BRIEF. Print the entries in full, word for word, but not the pictures.

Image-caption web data

=== Section Start ===

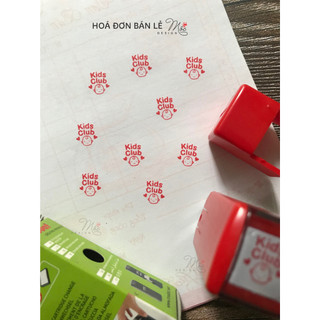 Mực dấu Trodat - Đỏ - Xanh - Đen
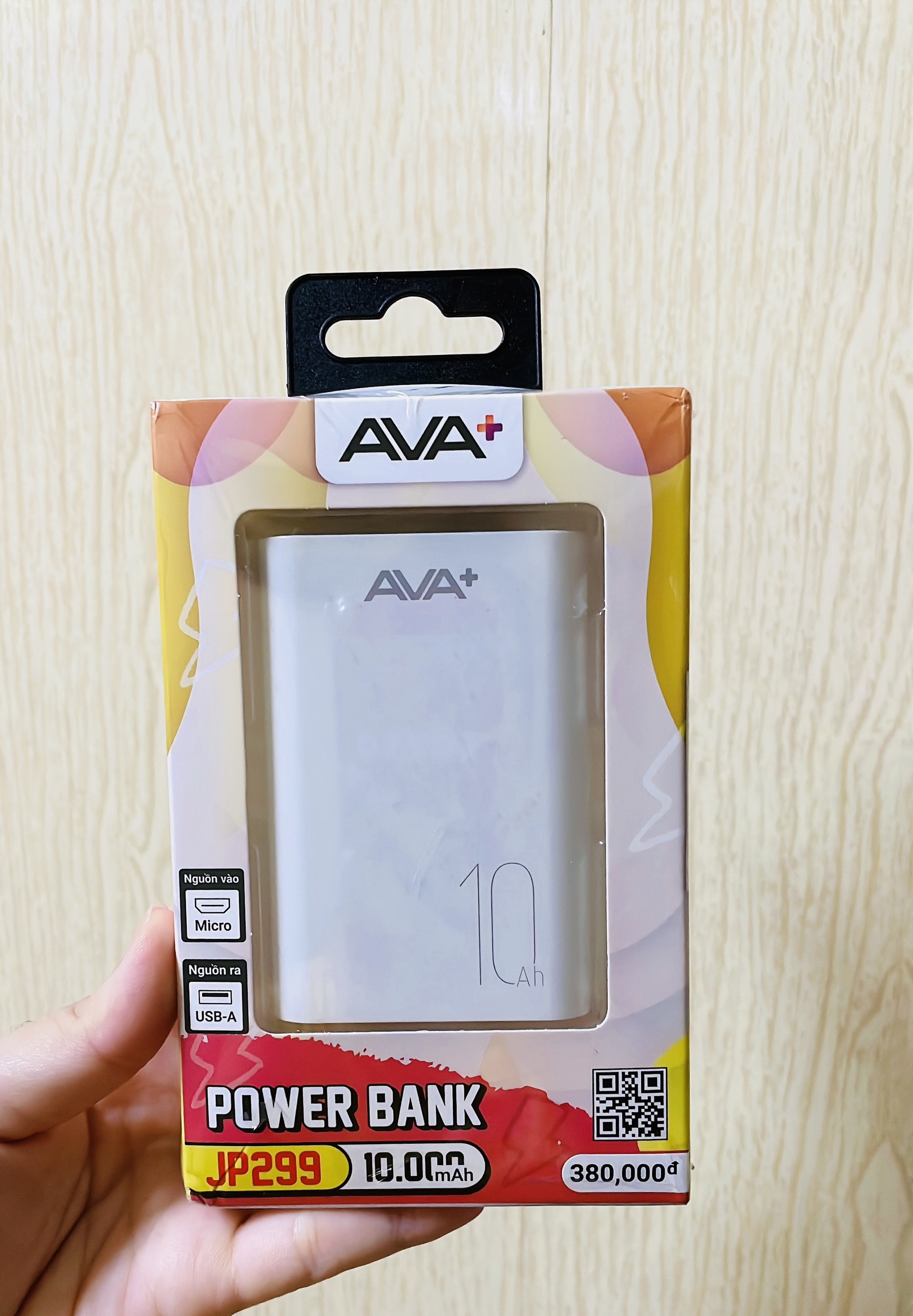 PIN SẠC DỰ PHÒNG AVA+ 10000mAh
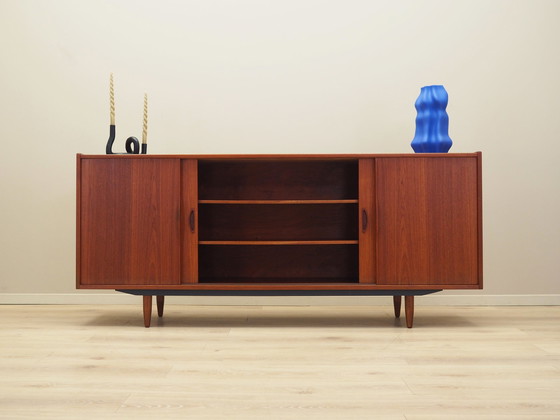 Image 1 of Teakhouten dressoir, Deens ontwerp, 1970S, Productie: Denemarken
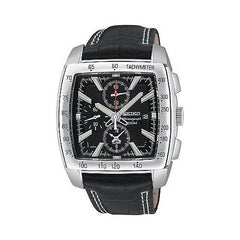 Seiko Men's Alarm Chronograph Watch SNAC29
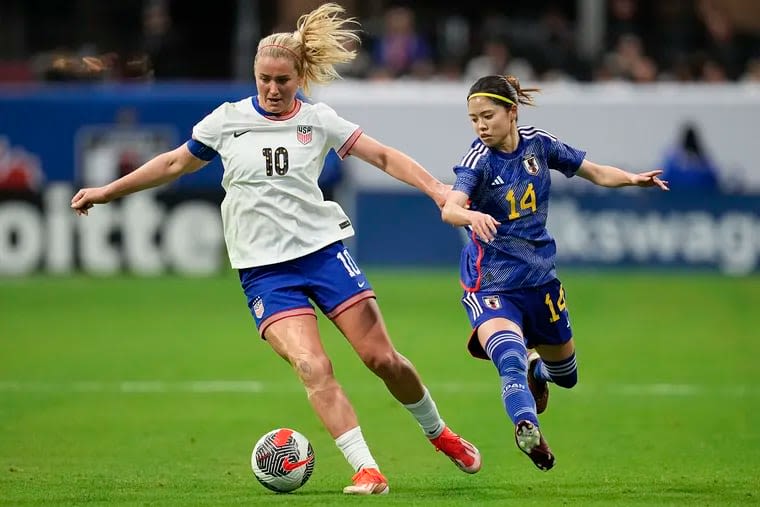 The U.S. women’s soccer team is Lindsey Horan’s to lead now ahead of the Paris Olympics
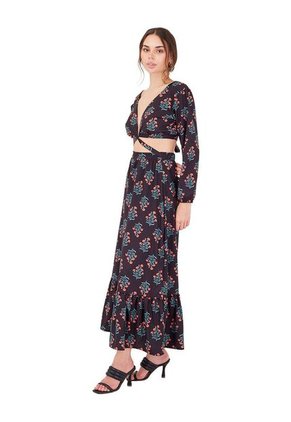 Vestido Largo Reverie Vine Mercedes Campuzano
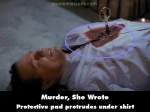 Murder, She Wrote mistake picture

=== Section End ===

COMPLETED TASK.
 Mực dấu Trodat - Đỏ - Xanh - Đen
 PIN SẠC DỰ PHÒNG AVA+ 10000mAh
 Image 1 of Teakhouten dressoir, Deens ontwerp, 1970S, Productie: Denemarken
 Seiko Men's Alarm Chronograph Watch SNAC29
 The U.S. women’s soccer team is Lindsey Horan’s to lead now ahead of the Paris Olympics
 Vestido Largo Reverie Vine Mercedes Campuzano
 Murder, She Wrote mistake picture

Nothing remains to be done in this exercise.